=== Task prompt ===
Nothing should be left out. Give all the data again exactly as written.

=== Data excerpts ===
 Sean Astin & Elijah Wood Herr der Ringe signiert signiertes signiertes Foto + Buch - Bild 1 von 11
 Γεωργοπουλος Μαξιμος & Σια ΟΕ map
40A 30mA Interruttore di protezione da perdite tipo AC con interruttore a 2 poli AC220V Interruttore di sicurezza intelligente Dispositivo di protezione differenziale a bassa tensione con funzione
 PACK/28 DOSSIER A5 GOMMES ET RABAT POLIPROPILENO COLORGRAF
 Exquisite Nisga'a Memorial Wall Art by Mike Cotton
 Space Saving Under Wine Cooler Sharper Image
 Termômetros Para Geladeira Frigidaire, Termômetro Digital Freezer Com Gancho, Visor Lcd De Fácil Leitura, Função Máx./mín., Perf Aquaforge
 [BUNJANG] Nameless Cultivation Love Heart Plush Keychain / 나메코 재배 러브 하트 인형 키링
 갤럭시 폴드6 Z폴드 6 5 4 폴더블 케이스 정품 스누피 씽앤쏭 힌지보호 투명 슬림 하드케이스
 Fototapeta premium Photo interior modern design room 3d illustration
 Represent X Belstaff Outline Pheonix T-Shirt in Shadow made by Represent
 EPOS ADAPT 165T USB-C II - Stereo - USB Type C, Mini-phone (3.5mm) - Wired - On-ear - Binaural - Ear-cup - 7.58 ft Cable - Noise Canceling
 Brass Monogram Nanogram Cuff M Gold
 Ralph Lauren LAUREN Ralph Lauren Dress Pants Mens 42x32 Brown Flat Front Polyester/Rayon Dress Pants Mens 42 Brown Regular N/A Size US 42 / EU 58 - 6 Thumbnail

=== Completed task ===
 Sean Astin & Elijah Wood Herr der Ringe signiert signiertes signiertes Foto + Buch - Bild 1 von 11
 Γεωργοπουλος Μαξιμος & Σια ΟΕ map
40A 30mA Interruttore di protezione da perdite tipo AC con interruttore a 2 poli AC220V Interruttore di sicurezza intelligente Dispositivo di protezione differenziale a bassa tensione con funzione
 PACK/28 DOSSIER A5 GOMMES ET RABAT POLIPROPILENO COLORGRAF
 Exquisite Nisga'a Memorial Wall Art by Mike Cotton
 Space Saving Under Wine Cooler Sharper Image
 Termômetros Para Geladeira Frigidaire, Termômetro Digital Freezer Com Gancho, Visor Lcd De Fácil Leitura, Função Máx./mín., Perf Aquaforge
 [BUNJANG] Nameless Cultivation Love Heart Plush Keychain / 나메코 재배 러브 하트 인형 키링
 갤럭시 폴드6 Z폴드 6 5 4 폴더블 케이스 정품 스누피 씽앤쏭 힌지보호 투명 슬림 하드케이스
 Fototapeta premium Photo interior modern design room 3d illustration
 Represent X Belstaff Outline Pheonix T-Shirt in Shadow made by Represent
 EPOS ADAPT 165T USB-C II - Stereo - USB Type C, Mini-phone (3.5mm) - Wired - On-ear - Binaural - Ear-cup - 7.58 ft Cable - Noise Canceling
 Brass Monogram Nanogram Cuff M Gold
 Ralph Lauren LAUREN Ralph Lauren Dress Pants Mens 42x32 Brown Flat Front Polyester/Rayon Dress Pants Mens 42 Brown Regular N/A Size US 42 / EU 58 - 6 Thumbnail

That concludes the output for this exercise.